Generative Particle Variational Inference via Estimation of Functional Gradients
This work addresses a bottleneck in variational inference for researchers and practitioners by enabling flexible generative sampling while maintaining asymptotic performance, though it is incremental in improving existing methods.
The paper tackles the problem of arbitrary sampling from posterior distributions in particle-based variational inference by proposing a neural sampler trained with functional gradients in a reproducing kernel Hilbert space, achieving competitive performance with gold-standard methods like Hamiltonian Monte Carlo.

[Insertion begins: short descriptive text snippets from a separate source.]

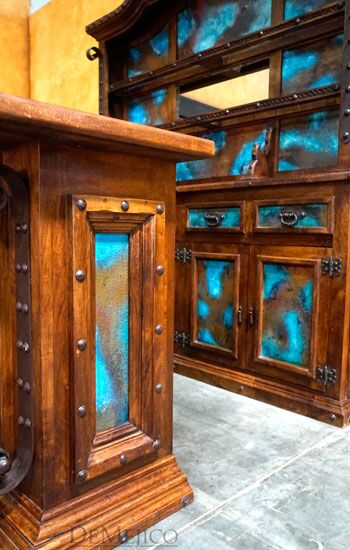Chapital Bar, Rustic Bar, Spanish Bar, Handcrafted Spanish Bar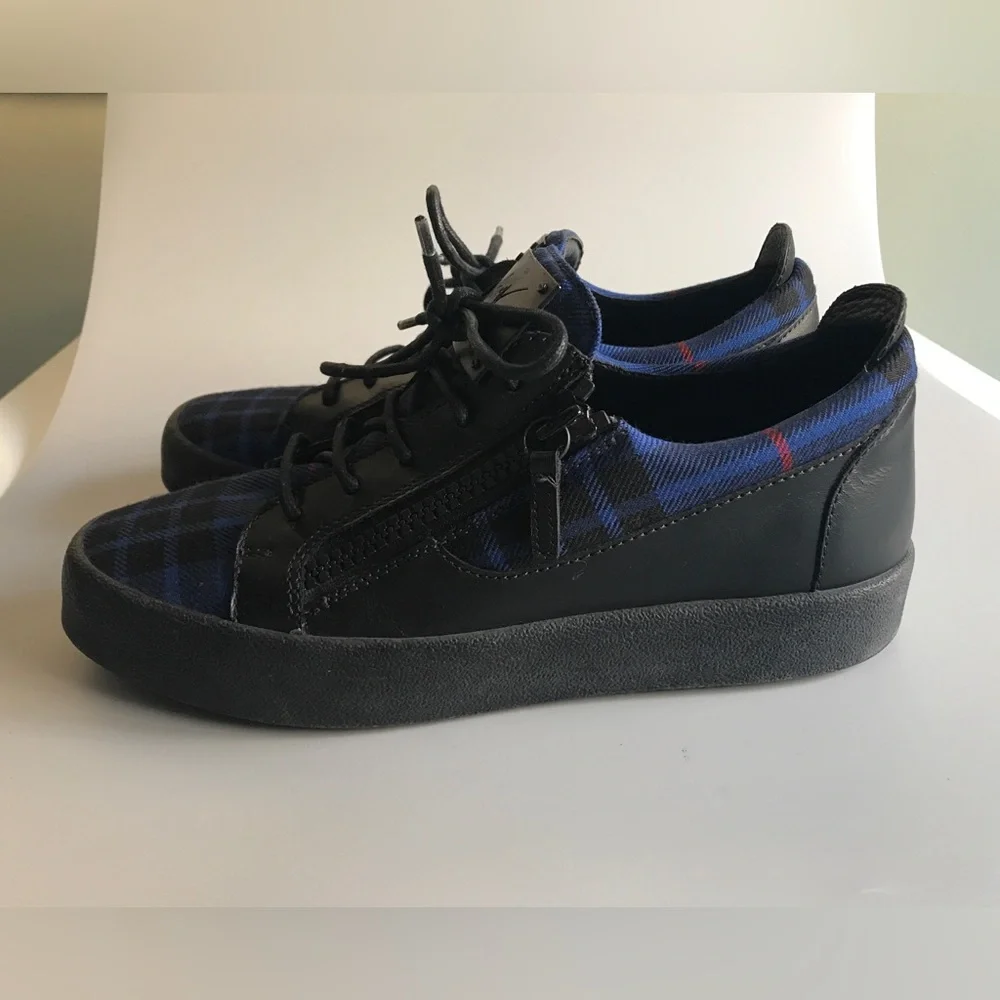 Giuseppe Zanotti Mens Sneaker Size: EUR 42.5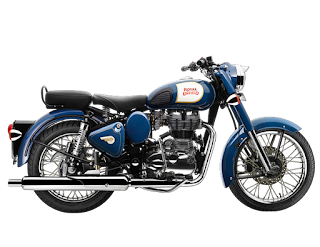 Royal Enfield Classic 350 2018 Lagoon Color Image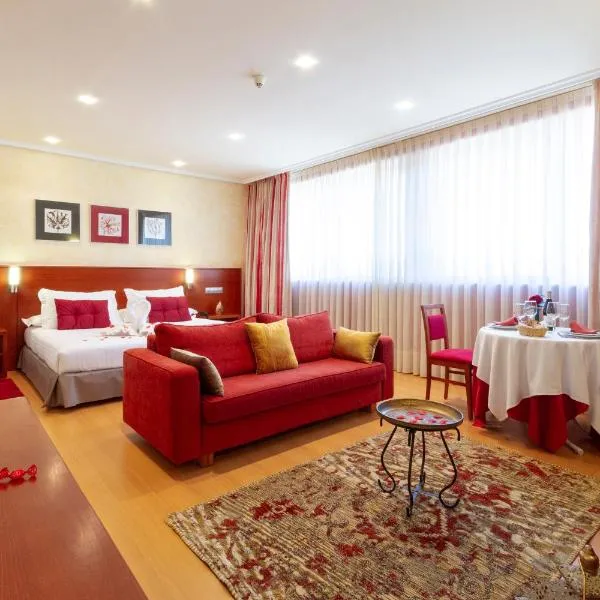 Hotel MIRAVALLE，位于阿拉力兹的酒店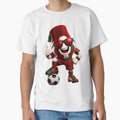 Morocco Soccer Mascot Funny Football Cartoon Graphic by ArtSpark Studio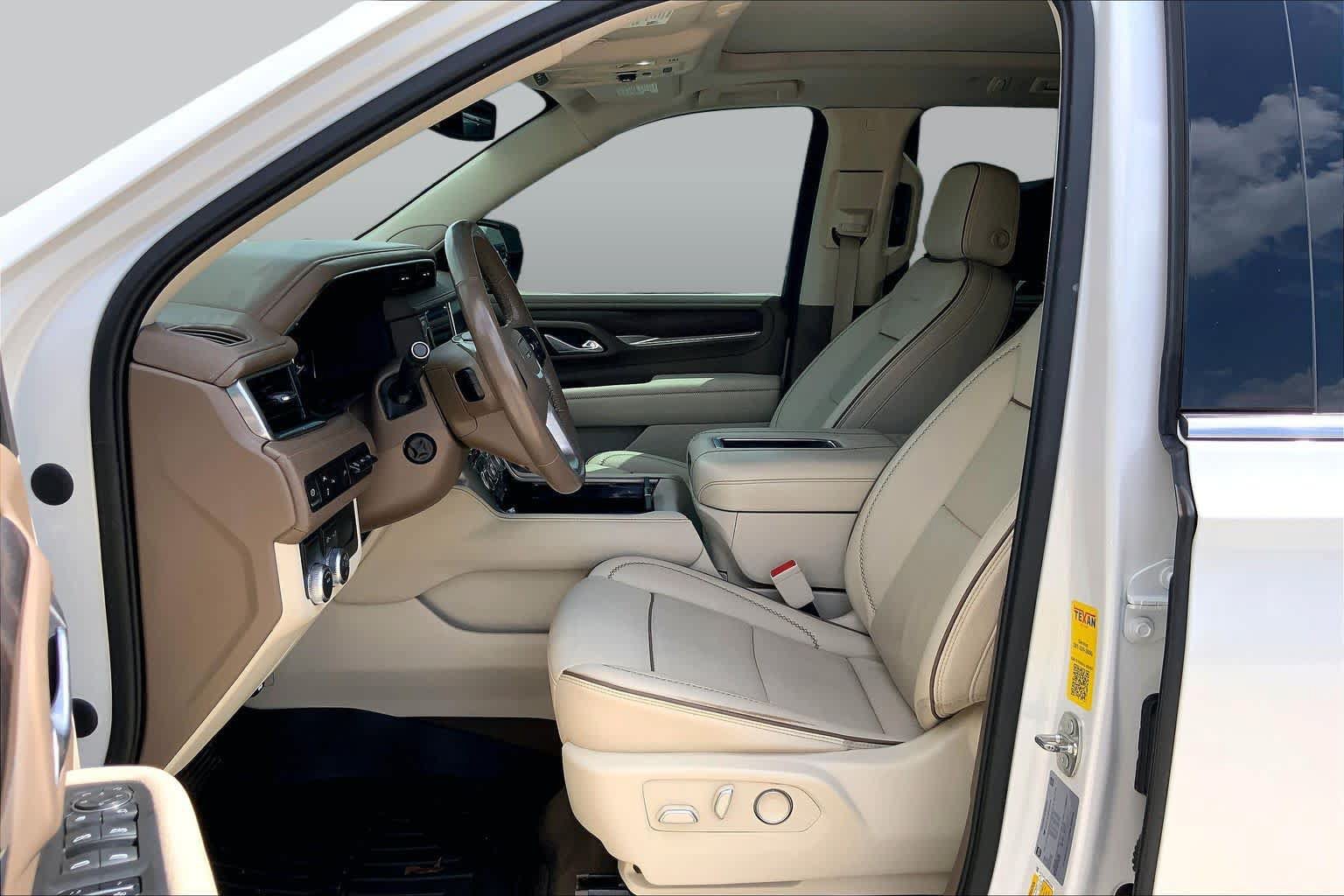 Certified 2021 GMC Yukon XL Denali RWD image 8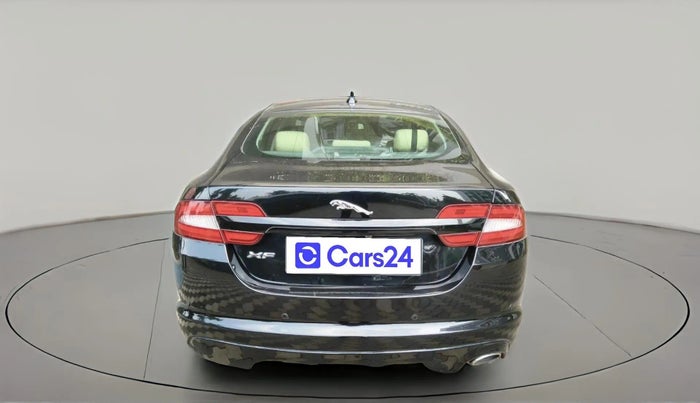 2013 Jaguar XF 2.2 DIESEL LUXURY, Diesel, Automatic, 61,891 km, exterior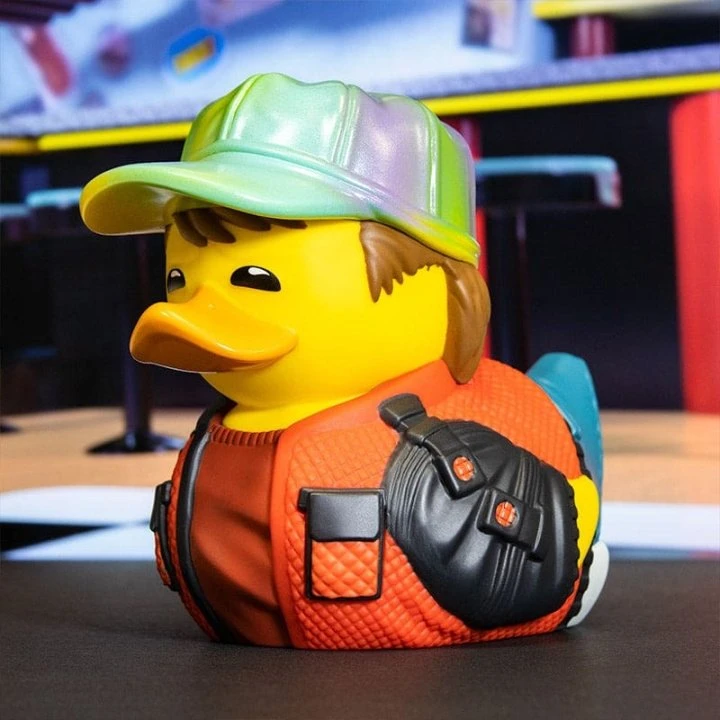 Numskull Tubbz Marty McFly 2015 - Boxed Edition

Recently, particle-based variational inference (ParVI) methods have gained interest because they can avoid arbitrary parametric assumptions that are common in variational inference. However, many ParVI approaches do not allow arbitrary sampling from the posterior, and the few that do allow such sampling suffer from suboptimality. This work proposes a new method for learning to approximately sample from the posterior distribution. We construct a neural sampler that is trained with the functional gradient of the KL-divergence between the empirical sampling distribution and the target distribution, assuming the gradient resides within a reproducing kernel Hilbert space. Our generative ParVI (GPVI) approach maintains the asymptotic performance of ParVI methods while offering the flexibility of a generative sampler. Through carefully constructed experiments, we show that GPVI outperforms previous generative ParVI methods such as amortized SVGD, and is competitive with ParVI as well as gold-standard approaches like Hamiltonian Monte Carlo for fitting both exactly known and intractable target distributions.